Each member on the tamale list shall pass the tamale at least once per turn. When a member holds the tamale for the first time during a turn, he or she must pass the tamale on to the person whose name is listed below his or hers on the tamale list.
When the member listed last on the tamale list receives the tamale, she
or he passes the tamale to the member at the top of the list. The member
at the top of the list then passes the tamale to the second member on the
list. The second member on the list must then hold the tamale until the
end of the voting period for that turn. At the end of the voting period,
the name at the top of the tamale list shall be moved to the bottom of the tamale list.

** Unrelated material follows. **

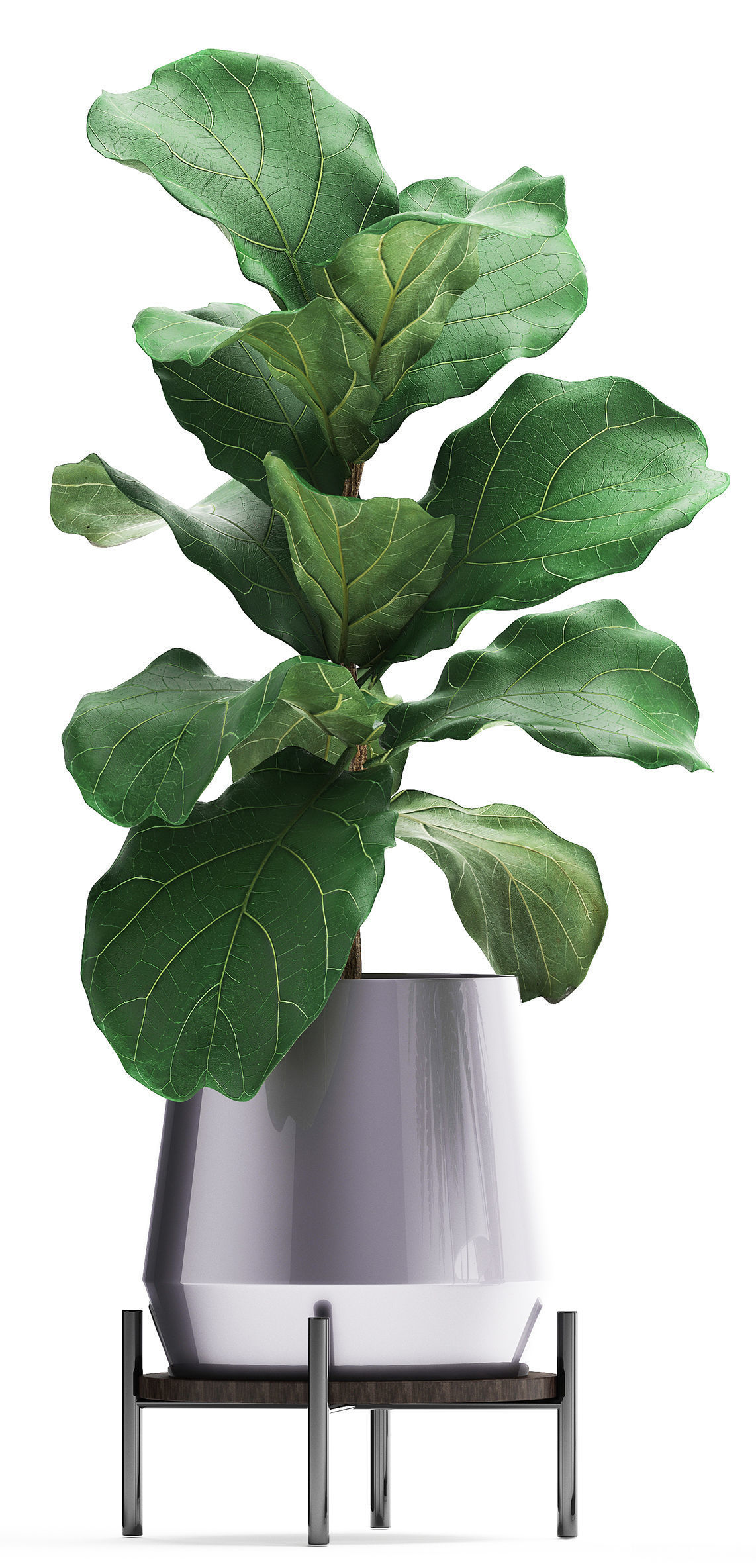 Collection of Exotic plants 3D model_5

c) Under no circumstances can any member of MFC pass the tamale to a player who is not a member of MFC (except with the consent of the CEO--see below). If a member of MFC should leave the corporation, he or
she automatically passes the tamale to the next player on the tamale list
before severing from the corporation. The severing player is then removed
from the tamale list.
d) Changes may be made to this charter if a majority of the members of MFC consent to the text of the change, unless the CEO vetoes the proposed
change (see section e below). MFC will take any action approved by a majority of the members of MFC, unless the CEO vetoes the action.
e) The CEO of MFC at the time when this charter is enacted shall be Hugh.
All proposed changes to the charter of MFC may be vetoed by the CEO. All
actions proposed for MFC may be vetoed by the CEO. The CEO may grant any
member of MFC, including himself or herself, the right to pass the tamale
to a player who is not a member of MFC. The CEO may prevent any player from becoming a member of MFC.
f) Any player who requests to join MFC may join if a majority of MFC members approve the request and the CEO does not prevent the player from
joining. The name of the new member is placed second from the top on the
g) If for any reason the member designated to hold the tamale until the
end of the turn does not wish to hold the tamale at the end of the turn,
he or she may pass the tamale to the next member on the list, provided that he or she immediately transfers three letter-products from his or her letter stock to the letter stock of the member to receive the tamale.
This additional "paid" passing in no way alters the tamale list.
The receiving member then becomes the member designated to hold the tamale until the end of the turn, and must hold the tamale until the end of turn
unless he or she in turn pays three letter products to the next person on
the list. The first member to pay to pass the tamale during a turn must
inform the membership of MFC of his or her intentions at least 24 hours
prior to the end of the voting period. Every subsequent member who pays
to pass the tamale during that turn must inform the membership of his or
her intentions a number of hours prior to the end of the voting period equal to half the number of hours notice required of the member from whom
he or she received the tamale.
h) On joining MFC, each member agrees to allow the CEO to report to the
Patch all of his or her actions with respect to the tamale, provided that
those actions conform to the procedures described above. Members need not
explicitly notify the CEO that they are passing or receiving the tamale
in order for the CEO to report their passing and willing reception of the
tamale to the Patch. The CEO must report all passing (except for paid passing) at least 36 hours prior to the end of the voting period.